Drummer: steady heartbeat while Priestess is actually walking round the Circle.
Casting round:
Creature of earth, where Thou art cast,
let no adverse purpose last,
not in complete accord with me,
as I do will, so mote it be!
[Note: this charge is adapted from Paul Huson's text as given in Mastering Witchcraft.]
[H + 0:13] Calling the Quarters
Summoner: goes off through the forest to fetch the Bride and Maiden from the nuptial tent, where the Bride has been made ready to come to her wedding. He does not step into the nuptial tent, but calls to them from outside it.
Keepers: stand before their altars, moving around to the inside of their altar when each in turn calls in their respective elemental powers.
Priestess: turning to the East:
Powers of East, Powers of Air, I call thee forth.
East Keeper: placing incense in censer, raising for all to see
Hail, guardians of the East!
Come forth and bear witness to B-- and G--, who have come to know great love for one another, and for their children.
Hail and welcome!
She turns and bows towards East, turns again and replaces censer on altar
Priestess: turning to the South:
Powers of South, Powers of Fire, I call thee forth.

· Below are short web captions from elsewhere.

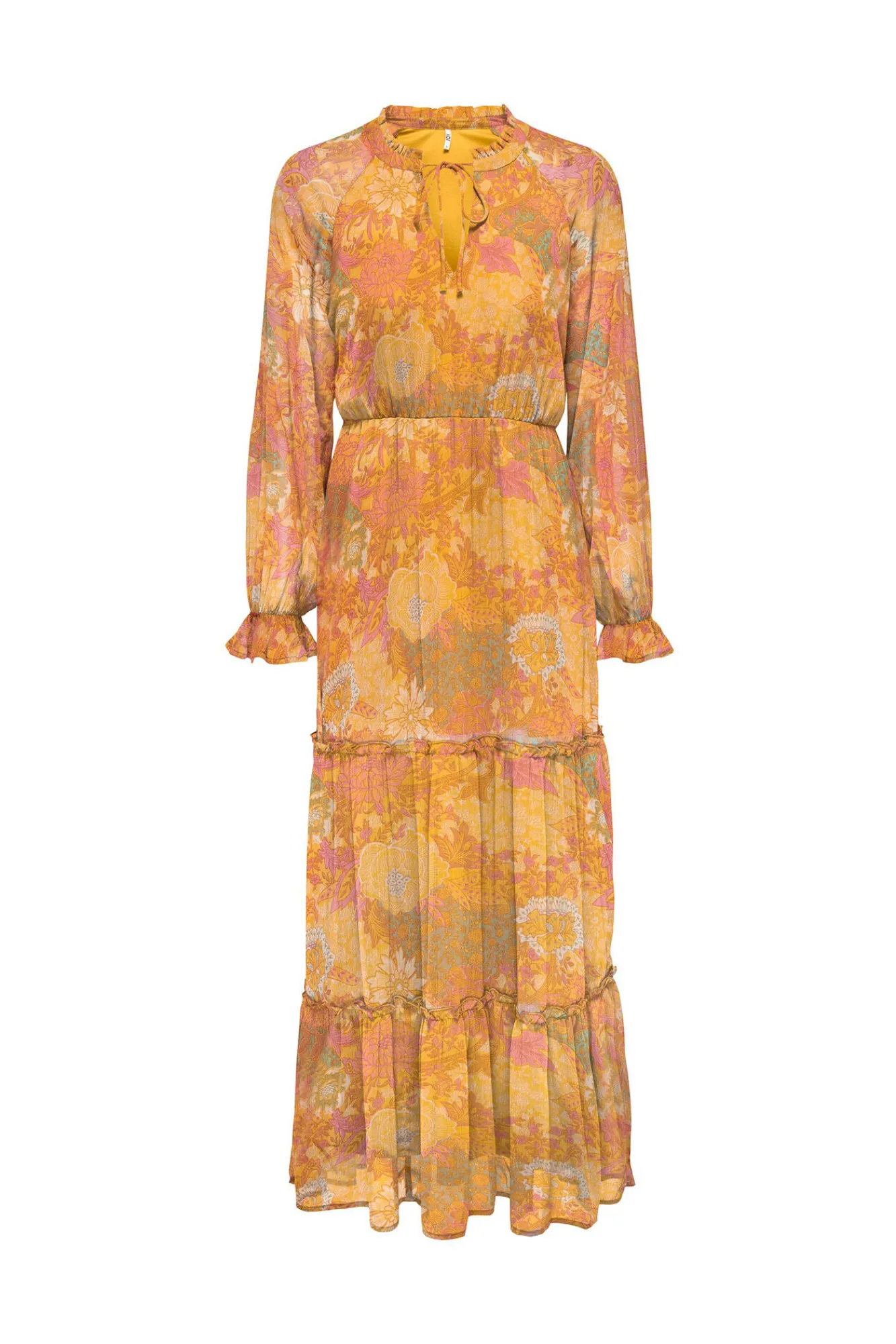 JDY Vestido Largo Manga Larga Amarillo Outlet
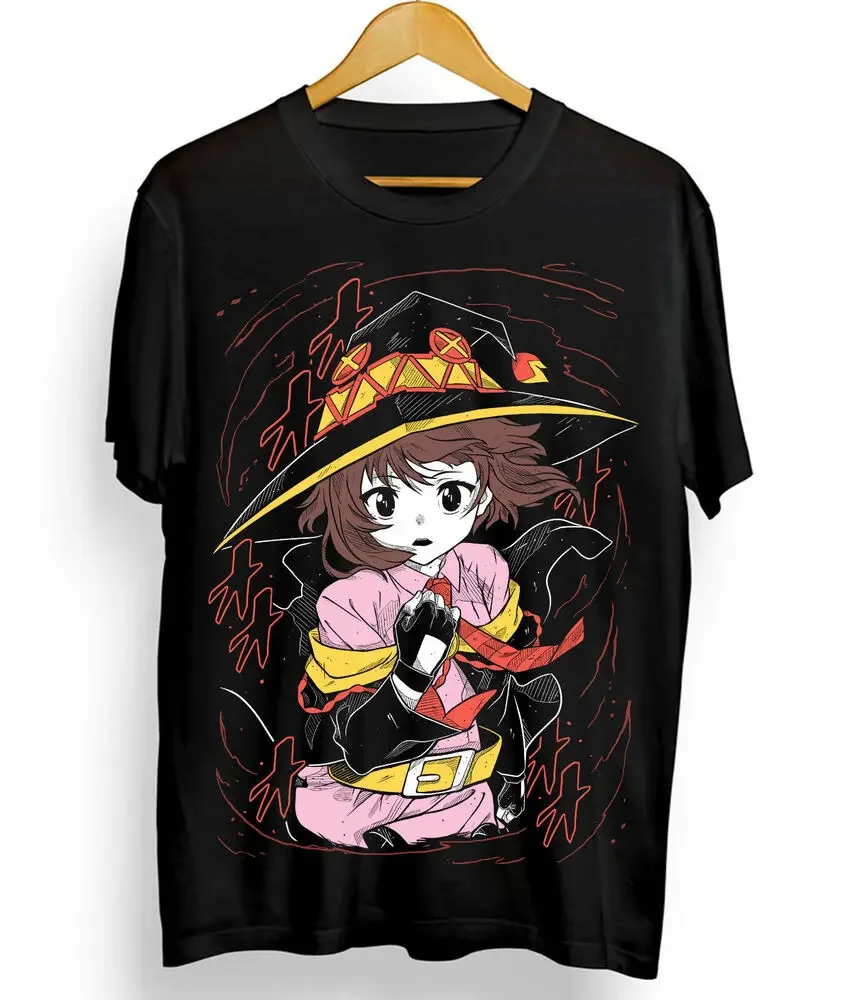 T-shirt à manches courtes Konosuba Megumin, anime japonais Waifu Kawaii, noir, unisexe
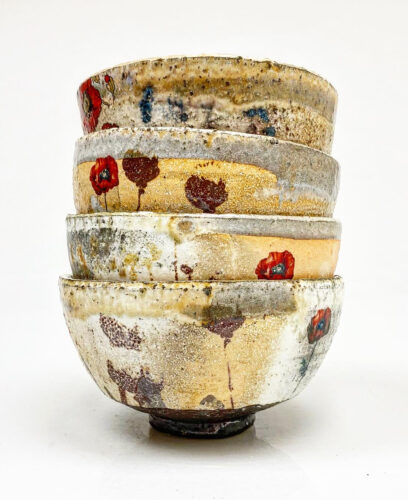 Justin Rothshank, Bowls, earthenware, decals, 5 inches diameter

South Keeper: lighting the candle, raising for all to see
Hail, guardians of the South!
Come forth and bear witness to G-- and B--, who will make a daring leap together into partnership.
Hail and welcome!
She turns and bows to the South, turns again and replaces candle on altar.
Priestess: turning to the West:
Powers of West, Powers of Water, I call thee forth.

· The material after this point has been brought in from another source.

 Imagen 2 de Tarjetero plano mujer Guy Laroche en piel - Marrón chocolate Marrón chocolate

West Keeper: pouring water into the shell, raising for all to see:
Hail, guardians of the West!
Come forth and bear witness to B-- and G--, whose mutual intention is to marry one another, in this place and at this time.
Hail and welcome!
She turns and bows to the West, turns again and replaces shell on altar.
Priestess: turning to the North:
Powers of North, Powers of Earth, I call thee forth.

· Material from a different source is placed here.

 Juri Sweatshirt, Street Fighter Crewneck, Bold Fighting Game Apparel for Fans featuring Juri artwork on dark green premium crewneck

North Keeper: pouring soil into bowl, raising for all to see:
Hail, guardians of the North!
Come forth and bear witness to G-- and B--, who wait upon this time of great joy, with steadfastness and quiet assurance.
Hail and welcome!
She turns and bows to the North, turns again and replaces bowl on altar
All four Elemental Keepers remain standing at their altars, facing to Centre.
Priestess: turns to the East and salutes with a kiss.
[altar bell 3 x]
Priestess: kneels before the altar and lights the Lady candle:
Great Mother, whom I serve, please be here now as G-- and B-- intend to join one another in the sacrament of marriage.
She lights the Lord candle:
Beloved Father, whom I adore, please be here now as B-- and G-- intend to join one another in the sacrament of marriage.
[altar bell 3 x]
[H + 0:18] Bridal Party's Arrival
Summoner, Bride and Maiden: have made their way to the outside of the Outer Circle, and have been waiting at the North of East.
Guardian: picks up his staff and comes to the North of East, where he again makes safe the place and opens the gateway for the bridal party to pass into the Circle.
Summoner: leads Bride and Maiden to the High Altar. Then he retires to the North of East, within the Outer Circle, and enjoys the remainder of the service.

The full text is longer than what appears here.